I love Dr. Jay Gordon. I've used his method of night weaning and changing the family sleep pattern a few times. It's hard and does result in some crying, but you're always right there comforting and offering hugs and support. We're using it right now to transition my 20 month old to his own bed and its going very well. He is still waking once per night, but is happily back to sleep in about 15 minutes. This is a HUGE improvement from waking every hour and screaming for us to bring him back to our bed....

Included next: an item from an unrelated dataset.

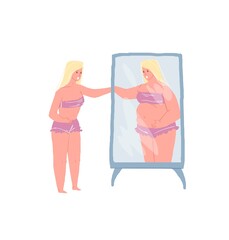 Vector cartoon flat character misjudging appearance,skinny woman looks in mirror and seeing fat person-metaphor of inadequate self-esteem,psychological problems treatment and therapy concept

It's so hard when you're functioning on so little sleep... I hope you find a solution that works for your family soon!


----------



## T-man's Mama (Jun 22, 2010)

Up until recently, I could have written your post. After nearly two years of this, I finally had it and we have now successfully nightweaned over the past 4-6 weeks.


----------



## atinygiraffe (Aug 30, 2009)

In the last couple of weeks we've tried a couple things, including the supernanny approach, and they all ended up with hours upon hours (usually around 4 hours) or blood curdling screaming. It got so bad that Alia was afraid to sleep in her bed and refused to be in her bed and begged to sleep in the "big bed", so we let her back in and then we moved back to her bed, again with me nursing all night long so that she'd at least feel comfortable and safe in the bed again. So we're back to square 1. She's in her bed most of the night, but still waking every hour or two. sigh.

T-Man's Mama - thank you for posting this, I will definitely talk with my hubby about possibly doing this, at least for a couple of weeks until nightweaning is accomplished.


----------